This put up was written collectively with David Drukker, Director of Econometrics, StataCorp.
The subject for right this moment is the treatment-effects options in Stata.
Remedy-effects estimators estimate the causal impact of a therapy on an consequence based mostly on observational information.
In right this moment’s posting, we are going to focus on 4 treatment-effects estimators:
- RA: Regression adjustment
- IPW: Inverse chance weighting
- IPWRA: Inverse chance weighting with regression adjustment
- AIPW: Augmented inverse chance weighting
We’ll save the matching estimators for half 2.
We must always be aware that nothing about treatment-effects estimators magically extracts causal relationships. As with all regression evaluation of observational information, the causal interpretation have to be based mostly on an inexpensive underlying scientific rationale.
Introduction
We’re going to focus on remedies and outcomes.
A therapy may very well be a brand new drug and the end result blood stress or levels of cholesterol. A therapy may very well be a surgical process and the end result affected person mobility. A therapy may very well be a job coaching program and the end result employment or wages. A therapy may even be an advert marketing campaign designed to extend the gross sales of a product.
Take into account whether or not a mom’s smoking impacts the load of her child at beginning. Questions like this one can solely be answered utilizing observational information. Experiments could be unethical.
The issue with observational information is that the themes select whether or not to get the therapy. For instance, a mom decides to smoke or to not smoke. The themes are mentioned to have self-selected into the handled and untreated teams.
In a super world, we’d design an experiment to check cause-and-effect and treatment-and-outcome relationships. We might randomly assign topics to the handled or untreated teams. Randomly assigning the therapy ensures that the therapy is impartial of the end result, which significantly simplifies the evaluation.
Causal inference requires the estimation of the unconditional technique of the outcomes for every therapy degree.

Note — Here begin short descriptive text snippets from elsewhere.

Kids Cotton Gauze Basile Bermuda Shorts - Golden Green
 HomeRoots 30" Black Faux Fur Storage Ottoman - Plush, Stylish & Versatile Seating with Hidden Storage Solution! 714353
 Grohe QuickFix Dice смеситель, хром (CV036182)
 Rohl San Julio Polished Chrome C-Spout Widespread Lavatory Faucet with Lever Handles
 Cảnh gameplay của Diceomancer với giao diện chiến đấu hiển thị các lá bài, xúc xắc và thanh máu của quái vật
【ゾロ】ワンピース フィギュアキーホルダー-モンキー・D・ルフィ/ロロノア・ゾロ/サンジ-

We solely observe the end result of every topic conditional on the acquired therapy no matter whether or not the info are observational or experimental. For experimental information, random project of the therapy ensures that the therapy is impartial of the end result; so averages of the outcomes conditional on noticed therapy estimate the unconditional technique of curiosity. For observational information, we mannequin the therapy project course of. If our mannequin is appropriate, the therapy project course of is taken into account nearly as good as random conditional on the covariates in our mannequin.
Let’s contemplate an instance. Determine 1 is a scatterplot of observational information much like these utilized by Cattaneo (2010). The therapy variable is the mom’s smoking standing throughout being pregnant, and the end result is the birthweight of her child.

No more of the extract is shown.